**THE RECORDS**.
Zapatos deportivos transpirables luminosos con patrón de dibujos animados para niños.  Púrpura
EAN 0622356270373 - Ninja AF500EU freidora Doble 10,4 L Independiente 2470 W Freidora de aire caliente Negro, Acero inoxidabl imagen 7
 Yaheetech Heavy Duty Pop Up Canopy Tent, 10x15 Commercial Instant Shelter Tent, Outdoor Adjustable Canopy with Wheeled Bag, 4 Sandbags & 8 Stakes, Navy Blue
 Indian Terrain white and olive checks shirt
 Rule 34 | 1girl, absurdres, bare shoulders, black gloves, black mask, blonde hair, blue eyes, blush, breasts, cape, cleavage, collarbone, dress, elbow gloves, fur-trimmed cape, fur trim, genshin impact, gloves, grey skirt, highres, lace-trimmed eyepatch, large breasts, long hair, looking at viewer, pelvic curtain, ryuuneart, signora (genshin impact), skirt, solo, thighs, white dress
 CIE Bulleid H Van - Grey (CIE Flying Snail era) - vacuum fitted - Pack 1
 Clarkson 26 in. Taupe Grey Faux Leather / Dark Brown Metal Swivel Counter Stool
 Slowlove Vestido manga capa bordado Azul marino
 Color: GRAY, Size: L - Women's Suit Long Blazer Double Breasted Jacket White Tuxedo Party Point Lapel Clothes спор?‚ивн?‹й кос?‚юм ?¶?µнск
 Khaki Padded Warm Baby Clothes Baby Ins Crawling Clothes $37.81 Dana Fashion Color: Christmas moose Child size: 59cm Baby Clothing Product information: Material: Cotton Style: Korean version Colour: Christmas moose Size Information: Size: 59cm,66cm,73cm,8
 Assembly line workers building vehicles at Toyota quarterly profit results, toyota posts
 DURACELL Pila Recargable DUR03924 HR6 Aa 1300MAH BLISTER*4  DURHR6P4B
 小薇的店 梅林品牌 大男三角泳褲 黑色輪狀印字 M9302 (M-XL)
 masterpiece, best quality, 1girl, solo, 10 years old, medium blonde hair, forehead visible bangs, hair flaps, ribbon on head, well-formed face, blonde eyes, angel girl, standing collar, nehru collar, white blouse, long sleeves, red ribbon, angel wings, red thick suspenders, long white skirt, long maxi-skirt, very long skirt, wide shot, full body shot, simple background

**DIRECTIONS**.
In the entries above, the lines from the one bearing "Rule 34 | 1girl, absurdres, bare" up to and including the one bearing "Khaki Padded Warm" should be transcribed exactly; no other line is wanted.

**RESPONSE BELOW**.
 Rule 34 | 1girl, absurdres, bare shoulders, black gloves, black mask, blonde hair, blue eyes, blush, breasts, cape, cleavage, collarbone, dress, elbow gloves, fur-trimmed cape, fur trim, genshin impact, gloves, grey skirt, highres, lace-trimmed eyepatch, large breasts, long hair, looking at viewer, pelvic curtain, ryuuneart, signora (genshin impact), skirt, solo, thighs, white dress
 CIE Bulleid H Van - Grey (CIE Flying Snail era) - vacuum fitted - Pack 1
 Clarkson 26 in. Taupe Grey Faux Leather / Dark Brown Metal Swivel Counter Stool
 Slowlove Vestido manga capa bordado Azul marino
 Color: GRAY, Size: L - Women's Suit Long Blazer Double Breasted Jacket White Tuxedo Party Point Lapel Clothes спор?‚ивн?‹й кос?‚юм ?¶?µнск
 Khaki Padded Warm Baby Clothes Baby Ins Crawling Clothes $37.81 Dana Fashion Color: Christmas moose Child size: 59cm Baby Clothing Product information: Material: Cotton Style: Korean version Colour: Christmas moose Size Information: Size: 59cm,66cm,73cm,8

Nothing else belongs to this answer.